Work item ▸
Check every line below for the string "Green", and copy the lines that contain it.

★ ★ ★ ★

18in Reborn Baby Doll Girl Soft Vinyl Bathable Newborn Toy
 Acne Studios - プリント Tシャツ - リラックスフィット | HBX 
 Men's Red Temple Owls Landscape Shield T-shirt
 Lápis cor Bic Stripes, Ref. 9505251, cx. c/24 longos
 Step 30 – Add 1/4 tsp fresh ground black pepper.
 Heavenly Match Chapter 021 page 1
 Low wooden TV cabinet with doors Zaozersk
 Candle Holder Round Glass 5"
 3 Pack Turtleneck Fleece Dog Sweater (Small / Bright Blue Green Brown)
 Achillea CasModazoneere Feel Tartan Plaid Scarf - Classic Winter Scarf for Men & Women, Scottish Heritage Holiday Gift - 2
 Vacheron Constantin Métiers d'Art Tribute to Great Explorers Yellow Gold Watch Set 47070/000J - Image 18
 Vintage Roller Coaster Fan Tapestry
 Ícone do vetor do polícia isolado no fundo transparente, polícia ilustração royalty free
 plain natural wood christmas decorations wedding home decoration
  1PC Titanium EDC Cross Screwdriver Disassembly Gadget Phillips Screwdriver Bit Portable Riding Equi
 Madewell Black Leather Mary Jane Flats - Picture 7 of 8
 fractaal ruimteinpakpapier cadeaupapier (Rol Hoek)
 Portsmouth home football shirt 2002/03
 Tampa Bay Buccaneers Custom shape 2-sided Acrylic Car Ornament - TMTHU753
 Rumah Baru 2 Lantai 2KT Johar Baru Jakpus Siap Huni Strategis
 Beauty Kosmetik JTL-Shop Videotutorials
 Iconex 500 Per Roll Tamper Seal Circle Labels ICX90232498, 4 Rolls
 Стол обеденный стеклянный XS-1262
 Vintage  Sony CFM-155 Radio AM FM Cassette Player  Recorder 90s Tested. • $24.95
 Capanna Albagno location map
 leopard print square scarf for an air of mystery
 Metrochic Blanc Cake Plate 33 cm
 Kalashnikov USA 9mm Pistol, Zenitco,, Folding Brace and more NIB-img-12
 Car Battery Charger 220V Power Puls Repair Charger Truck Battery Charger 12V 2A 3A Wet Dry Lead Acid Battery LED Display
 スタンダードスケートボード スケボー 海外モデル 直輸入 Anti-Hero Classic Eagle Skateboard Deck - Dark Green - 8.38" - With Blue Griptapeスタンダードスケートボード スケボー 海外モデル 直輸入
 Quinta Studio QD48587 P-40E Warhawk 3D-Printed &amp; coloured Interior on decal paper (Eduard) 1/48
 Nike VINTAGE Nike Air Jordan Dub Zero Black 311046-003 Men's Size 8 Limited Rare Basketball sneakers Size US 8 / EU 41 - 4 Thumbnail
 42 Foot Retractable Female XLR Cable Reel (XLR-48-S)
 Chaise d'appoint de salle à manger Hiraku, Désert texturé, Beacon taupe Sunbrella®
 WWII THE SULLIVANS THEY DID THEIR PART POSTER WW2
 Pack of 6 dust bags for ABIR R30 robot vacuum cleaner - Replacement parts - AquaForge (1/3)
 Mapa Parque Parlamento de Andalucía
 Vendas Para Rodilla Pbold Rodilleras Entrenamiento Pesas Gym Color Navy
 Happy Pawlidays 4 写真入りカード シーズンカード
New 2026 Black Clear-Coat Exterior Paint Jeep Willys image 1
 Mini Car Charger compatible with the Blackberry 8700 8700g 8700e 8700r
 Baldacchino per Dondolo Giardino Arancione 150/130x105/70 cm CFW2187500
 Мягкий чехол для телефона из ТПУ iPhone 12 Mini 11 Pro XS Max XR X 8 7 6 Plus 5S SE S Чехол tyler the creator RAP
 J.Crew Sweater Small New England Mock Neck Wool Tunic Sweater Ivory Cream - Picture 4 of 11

★ ★ ★ ★

Solved exercise ▸
 3 Pack Turtleneck Fleece Dog Sweater (Small / Bright Blue Green Brown)
 スタンダードスケートボード スケボー 海外モデル 直輸入 Anti-Hero Classic Eagle Skateboard Deck - Dark Green - 8.38" - With Blue Griptapeスタンダードスケートボード スケボー 海外モデル 直輸入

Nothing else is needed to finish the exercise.